At first glance, the facts of mass repressions must be a reliable inoculation against old-time legends and stereotypes. But they are not. In the neighboring Russia as well as in this country, myths are spreading about Comrade Stalin’s noble struggle against the enemy’s agents on the eve of the war with Germany – we only managed to win in the terrible war because the valiant NKVD men exposed and destroyed them. But none of those who exalt the Father and Teacher want to reflect on a simple question: if there were so many enemies of the Soviet system in a country “where man breathes so freely,” it may be something wrong with this very system? If one can breathe well and freely, why on earth should he or she be the enemy of their own country? It is useless to expect an answer because the makers and inspirers of these myths are pursuing quite a clear goal – to whitewash the tyrant Stalin and his henchmen and to cast a shadow on those who fought for an independent Ukraine.

Let us now switch from a not-so-distant history to the present day. Member of Parliament Yaroslav Kendzior has moved a draft resolution “On the 75th Anniversary of the Great Terror and the Honoring of the Memory of its Victims.” Naturally, it is necessary and noble to remember victims and honor their memory. But still there are some doubts.

Everything is in fact confined to passing resolutions and proclaiming anniversaries. Let us recall the government’s attempts to solemnly mark Victory Day. On the holiday’s eve, war veterans, whose number is incessantly diminishing, are talked about, greeted, and given flowers, gifts and rations. Music and words of greeting blare out. And that’s all. The authorities get away with a routine bureaucratic report on the work done. It is just an ostensible show of care for war veterans many of whom have departed this life, having failed to live to see decent living conditions.

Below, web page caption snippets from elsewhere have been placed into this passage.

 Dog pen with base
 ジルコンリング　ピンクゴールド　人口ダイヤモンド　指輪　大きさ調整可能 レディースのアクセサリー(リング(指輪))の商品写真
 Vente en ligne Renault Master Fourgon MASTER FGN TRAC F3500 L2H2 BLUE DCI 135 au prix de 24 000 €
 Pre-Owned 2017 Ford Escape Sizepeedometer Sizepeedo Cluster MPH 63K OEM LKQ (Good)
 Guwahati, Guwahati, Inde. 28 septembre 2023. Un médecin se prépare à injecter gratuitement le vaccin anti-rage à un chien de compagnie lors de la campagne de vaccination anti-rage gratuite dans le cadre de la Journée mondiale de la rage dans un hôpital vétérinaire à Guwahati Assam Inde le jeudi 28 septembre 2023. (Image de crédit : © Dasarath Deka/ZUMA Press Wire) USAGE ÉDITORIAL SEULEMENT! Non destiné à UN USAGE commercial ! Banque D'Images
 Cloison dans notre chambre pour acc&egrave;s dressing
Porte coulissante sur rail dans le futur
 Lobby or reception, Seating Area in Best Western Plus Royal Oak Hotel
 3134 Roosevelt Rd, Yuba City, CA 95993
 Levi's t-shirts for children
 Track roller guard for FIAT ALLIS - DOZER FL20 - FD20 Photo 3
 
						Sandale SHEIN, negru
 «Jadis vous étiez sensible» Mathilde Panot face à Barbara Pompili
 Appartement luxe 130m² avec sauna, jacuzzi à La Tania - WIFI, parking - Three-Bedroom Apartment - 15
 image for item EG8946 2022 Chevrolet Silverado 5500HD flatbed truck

Instead of passing resolutions on another anniversary of the Great Terror, one must do painstaking educative work to debunk legends and stereotypes of the past. Historians should be encouraged, not hindered, as has been the case lately, to study all the aspects of this event and bring new documents into academic circulation.

There is a lingering suspicion that the authorities are afraid of the past for political reasons – they fear to hurt a territorially large neighbor that looks on Stalin and his regime as a role model. And what our authorities are still more afraid of is democratic potential of the people. For whenever people find their way round in the past, they begin to reflect on the present day and the near future. This prompts many of them to ask “improper” questions which the authorities are unable to answer.

The impression is that nobody, from the Minister for Education and Science to Presidential Administration officials, knows the following law of history: the truth will always come out. In addition, history exacts a cruel revenge for flouting its lessons.